This is the difference between "don't use silent fallbacks" (CLAUDE.md) and "here's exactly what a silent fallback looks like in code, here's what to do instead, here's how to verify you didn't introduce one, and here's the post-mortem that proved why this matters" (knowledge base).

Layer 3: Operational Runbooks

The docs/v2/ops/ directory contains the procedures that turn policies into actions. Morning go/no-go checklists. Deployment procedures. Hotfix and rollback playbooks. Pipeline troubleshooting guides.

Every runbook includes YAML frontmatter:

---
id: ops-05
title: Trading Morning Go/No-Go Checklist
perspective: operations
tags: [pre-market, readiness, go-no-go, health-check, checklist]
depends_on: [ops-01, ops-14]
key_files:
  - backend/app/api/v1/health.py
  - backend/app/services/monitoring/multi_account.py
  - backend/app/services/portfolio_risk.py
  - backend/app/services/broker.py
last_updated: 2026-02-28
---

The morning go/no-go checklist was a direct response to the Jan 9 EventBridge incident, where all trading rules were disabled and nobody noticed until 23 minutes before market open. Now, every trading day starts with a single endpoint call that checks service health, trading operations, risk controls, data freshness, ML model availability, and watchlist readiness. It returns a boolean: overall_ready: true or overall_ready: false. No ambiguity. No room for an AI agent to assume systems are working without checking.

The depends_on field creates a navigable graph. The go/no-go checklist depends on the daily operations doc and the monitoring setup doc. An agent troubleshooting a pre-market failure can follow these links to find the relevant context.
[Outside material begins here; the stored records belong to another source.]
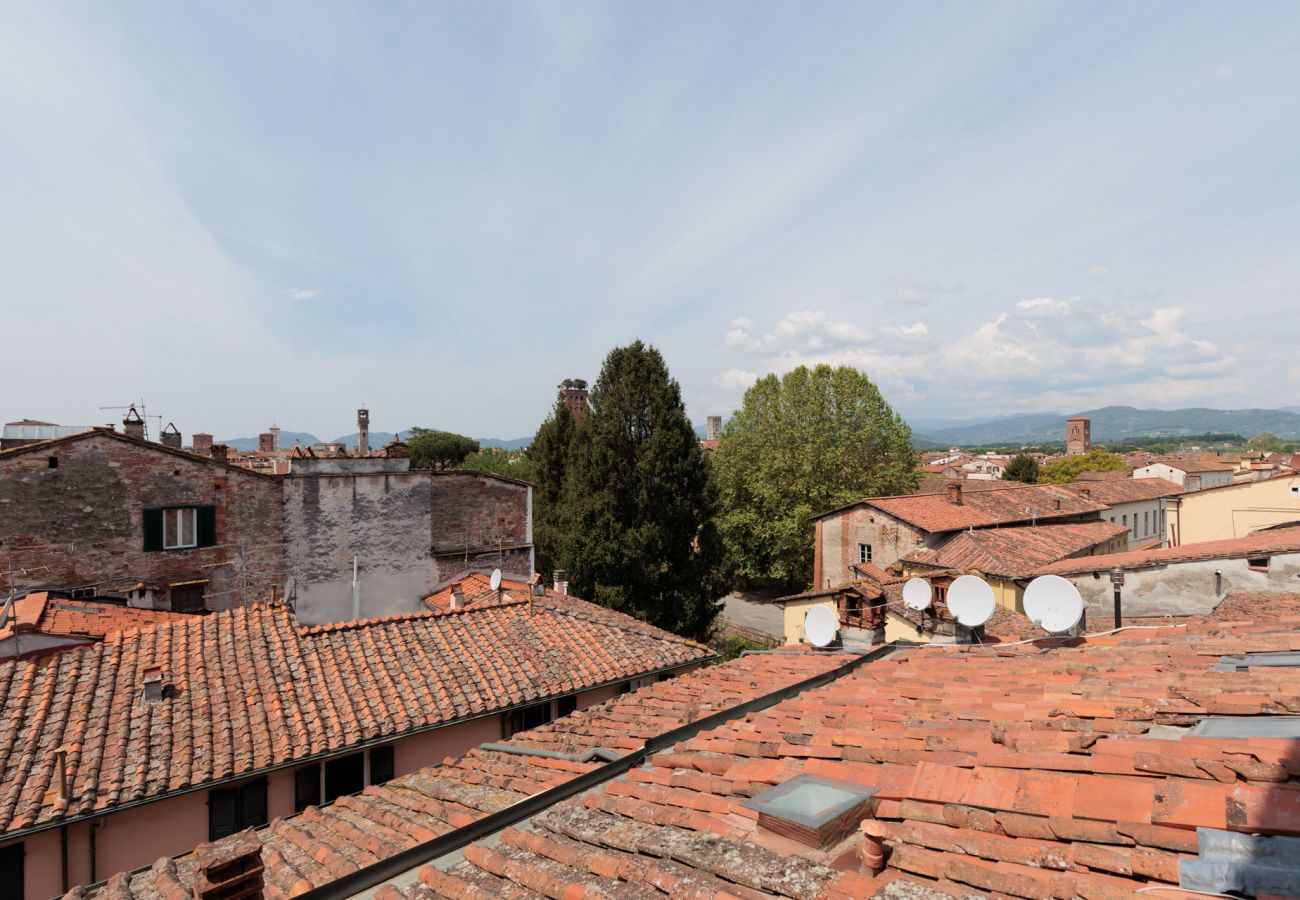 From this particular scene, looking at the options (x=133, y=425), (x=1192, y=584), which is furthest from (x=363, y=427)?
(x=1192, y=584)

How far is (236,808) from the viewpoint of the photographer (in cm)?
880

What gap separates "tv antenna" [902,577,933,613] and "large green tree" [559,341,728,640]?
10.4m

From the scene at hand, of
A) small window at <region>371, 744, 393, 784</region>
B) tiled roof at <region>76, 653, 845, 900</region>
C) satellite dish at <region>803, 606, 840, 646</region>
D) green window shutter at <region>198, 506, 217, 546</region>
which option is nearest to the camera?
tiled roof at <region>76, 653, 845, 900</region>

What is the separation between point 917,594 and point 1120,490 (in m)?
34.4

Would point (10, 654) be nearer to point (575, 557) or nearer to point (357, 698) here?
point (357, 698)

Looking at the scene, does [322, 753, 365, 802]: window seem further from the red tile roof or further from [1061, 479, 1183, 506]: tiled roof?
[1061, 479, 1183, 506]: tiled roof

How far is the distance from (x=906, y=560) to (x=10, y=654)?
24.7 meters

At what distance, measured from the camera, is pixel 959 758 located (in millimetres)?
3779

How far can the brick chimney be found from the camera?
3352 millimetres

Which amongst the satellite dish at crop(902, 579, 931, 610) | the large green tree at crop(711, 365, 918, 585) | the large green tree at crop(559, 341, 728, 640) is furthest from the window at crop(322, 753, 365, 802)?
the large green tree at crop(711, 365, 918, 585)

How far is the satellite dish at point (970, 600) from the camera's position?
10.5 metres

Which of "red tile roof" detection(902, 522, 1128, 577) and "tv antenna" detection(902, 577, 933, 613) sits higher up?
"tv antenna" detection(902, 577, 933, 613)

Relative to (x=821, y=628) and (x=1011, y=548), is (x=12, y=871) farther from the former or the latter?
(x=1011, y=548)

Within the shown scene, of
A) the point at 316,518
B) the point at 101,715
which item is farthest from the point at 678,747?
the point at 316,518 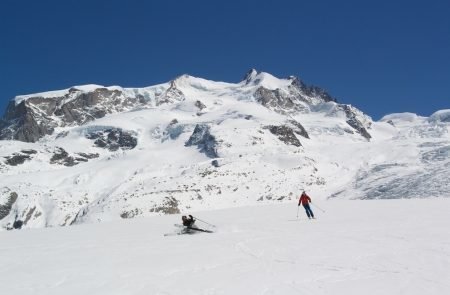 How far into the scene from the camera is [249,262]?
61.9ft

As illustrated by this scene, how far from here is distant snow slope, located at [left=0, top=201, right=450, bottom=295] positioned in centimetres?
1505

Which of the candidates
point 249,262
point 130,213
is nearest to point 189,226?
point 249,262

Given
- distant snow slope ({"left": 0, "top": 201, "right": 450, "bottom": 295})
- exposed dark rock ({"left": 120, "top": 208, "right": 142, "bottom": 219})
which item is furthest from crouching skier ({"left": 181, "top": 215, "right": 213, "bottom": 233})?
exposed dark rock ({"left": 120, "top": 208, "right": 142, "bottom": 219})

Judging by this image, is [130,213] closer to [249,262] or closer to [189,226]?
[189,226]

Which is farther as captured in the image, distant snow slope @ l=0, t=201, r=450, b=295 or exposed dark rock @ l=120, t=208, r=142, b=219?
exposed dark rock @ l=120, t=208, r=142, b=219

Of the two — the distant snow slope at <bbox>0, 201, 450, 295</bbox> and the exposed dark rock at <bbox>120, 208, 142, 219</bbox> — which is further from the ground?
the exposed dark rock at <bbox>120, 208, 142, 219</bbox>

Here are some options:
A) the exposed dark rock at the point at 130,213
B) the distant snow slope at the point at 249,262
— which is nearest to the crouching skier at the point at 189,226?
the distant snow slope at the point at 249,262

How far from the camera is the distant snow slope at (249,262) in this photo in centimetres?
1505

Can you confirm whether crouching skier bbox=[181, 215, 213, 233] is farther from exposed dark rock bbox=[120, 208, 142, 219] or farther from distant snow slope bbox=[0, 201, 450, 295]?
exposed dark rock bbox=[120, 208, 142, 219]

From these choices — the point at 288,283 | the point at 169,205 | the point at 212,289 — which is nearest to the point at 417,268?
the point at 288,283

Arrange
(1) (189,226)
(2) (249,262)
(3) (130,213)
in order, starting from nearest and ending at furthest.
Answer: (2) (249,262) → (1) (189,226) → (3) (130,213)

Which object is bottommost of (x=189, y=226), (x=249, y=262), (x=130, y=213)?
Result: (x=249, y=262)

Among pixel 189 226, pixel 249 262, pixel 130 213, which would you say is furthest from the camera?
pixel 130 213

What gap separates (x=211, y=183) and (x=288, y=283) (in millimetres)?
156652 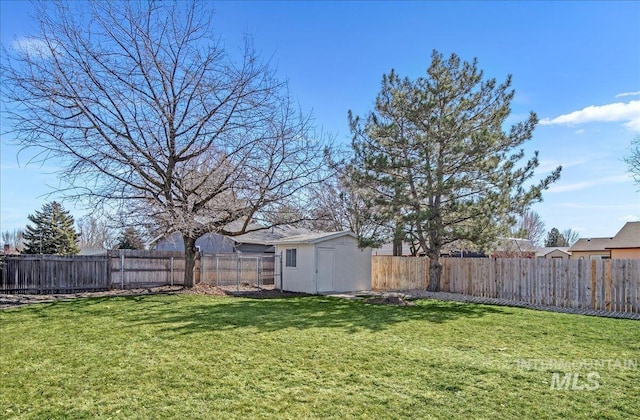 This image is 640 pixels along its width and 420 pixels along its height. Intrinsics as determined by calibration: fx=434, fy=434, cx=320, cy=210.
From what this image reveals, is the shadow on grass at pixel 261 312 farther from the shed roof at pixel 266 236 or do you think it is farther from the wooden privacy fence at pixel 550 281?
the shed roof at pixel 266 236

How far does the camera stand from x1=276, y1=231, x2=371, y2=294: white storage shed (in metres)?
15.5

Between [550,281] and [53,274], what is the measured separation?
15245mm

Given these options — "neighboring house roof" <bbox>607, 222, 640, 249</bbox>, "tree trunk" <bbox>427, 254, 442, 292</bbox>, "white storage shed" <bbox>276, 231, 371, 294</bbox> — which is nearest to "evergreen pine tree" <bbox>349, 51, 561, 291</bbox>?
"tree trunk" <bbox>427, 254, 442, 292</bbox>

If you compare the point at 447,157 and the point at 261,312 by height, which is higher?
the point at 447,157

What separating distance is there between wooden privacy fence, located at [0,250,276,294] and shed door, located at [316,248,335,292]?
9.64 feet

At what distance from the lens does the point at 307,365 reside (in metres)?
5.33

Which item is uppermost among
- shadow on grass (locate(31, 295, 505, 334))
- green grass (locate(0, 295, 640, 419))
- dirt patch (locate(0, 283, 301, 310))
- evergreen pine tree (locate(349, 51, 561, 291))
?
evergreen pine tree (locate(349, 51, 561, 291))

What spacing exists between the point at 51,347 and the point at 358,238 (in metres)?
10.5

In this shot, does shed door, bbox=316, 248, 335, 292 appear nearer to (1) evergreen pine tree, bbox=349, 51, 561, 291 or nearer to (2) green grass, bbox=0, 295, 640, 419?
(1) evergreen pine tree, bbox=349, 51, 561, 291

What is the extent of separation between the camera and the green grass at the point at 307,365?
13.1 feet

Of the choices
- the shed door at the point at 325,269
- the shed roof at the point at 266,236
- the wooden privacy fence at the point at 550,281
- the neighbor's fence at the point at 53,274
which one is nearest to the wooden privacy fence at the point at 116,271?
the neighbor's fence at the point at 53,274

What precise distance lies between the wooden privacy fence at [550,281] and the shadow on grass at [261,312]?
215 cm

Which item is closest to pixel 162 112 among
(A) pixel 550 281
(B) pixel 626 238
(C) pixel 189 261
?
(C) pixel 189 261

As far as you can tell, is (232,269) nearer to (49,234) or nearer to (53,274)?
(53,274) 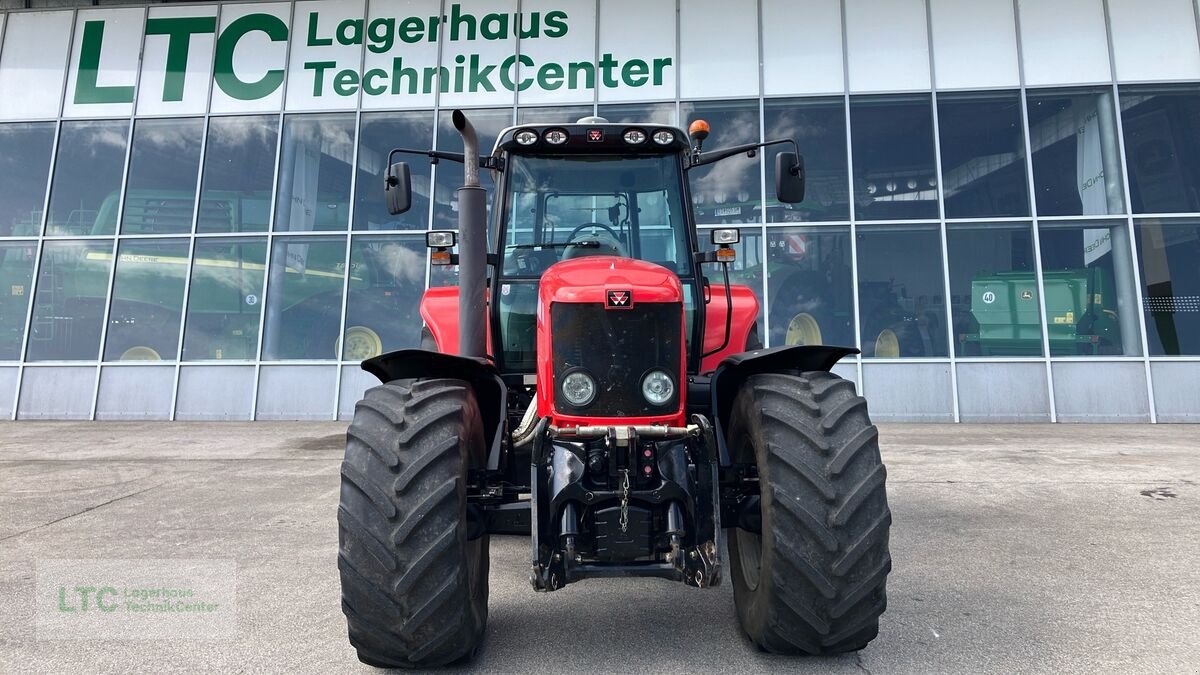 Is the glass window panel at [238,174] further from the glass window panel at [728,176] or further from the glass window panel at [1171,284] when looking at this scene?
the glass window panel at [1171,284]

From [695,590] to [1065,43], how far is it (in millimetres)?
11856

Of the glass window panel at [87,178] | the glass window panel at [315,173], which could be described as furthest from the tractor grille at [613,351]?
the glass window panel at [87,178]

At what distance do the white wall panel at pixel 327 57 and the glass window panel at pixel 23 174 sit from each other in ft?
14.6

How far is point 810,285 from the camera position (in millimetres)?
11016

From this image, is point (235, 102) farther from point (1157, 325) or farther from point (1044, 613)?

Layer 4: Architecture and Risk Documentation

The outermost layer provides full depth: system architecture, risk controls, model design, feature engineering, infrastructure, and more. The master index (docs/v2/INDEX.md) organizes everything into four perspectives — Architecture, Risk, Operations, and System Guide — with an "I need to..." lookup table:

Task Document
Understand the overall system arch/01-system-overview.md
Debug a pipeline failure ops/08-troubleshooting-pipeline.md
Deploy a code change ops/03-deployment-checklist.md
Fix a production issue fast ops/04-hotfix-and-rollback.md
Understand risk controls risk/02-trading-risk-controls.md
Check model risk incidents risk/15-risk-incidents-and-lessons.md
Pre-market morning checklist ops/05-trading-morning-go-no-go.md
Understand feature engineering risk/07-feature-engineering.md

This table is explicitly designed for AI agents. An agent that needs to deploy a code change doesn't need to know the documentation structure — it reads the lookup table and goes directly to ops/03-deployment-checklist.md. The agent discovery section includes grep commands:

# Find docs related to a topic
grep -r "tags:.*pipeline" docs/v2/

# Find docs related to a source file
grep -r "key_files:.*execution.py" docs/v2/

# Find dependencies
grep -r "depends_on:.*arch-05" docs/v2/

The cross-references create a graph. From any document, an agent can discover related documents through depends_on, related source code through key_files, and topical connections through tags.

The Post-Mortem Feedback Loop

The four layers only matter if they're connected to the incidents that justify them. Here's how a single incident — our worst production loss — propagated through every layer of the documentation system. The point isn't the incident itself (I covered that in earlier posts). The point is the process — how a failure becomes a permanent system constraint.

Step 1: The Incident

January 30, 2026. A single stock crashes 74%. Multiple safeguards fail simultaneously — the RL model had been silently falling back to heuristics, position limits didn't account for pending orders, and compliance defaulted to "allow" for unclassified sectors.

Step 2: The Post-Mortem

The post-mortem followed a structured template — 12 mandatory sections (Summary, Timeline, Root Cause, Impact, What Went Well, What Went Wrong, Action Items, Lessons Learned, Prevention). No optional sections. If you can't fill a section, you haven't investigated deeply enough.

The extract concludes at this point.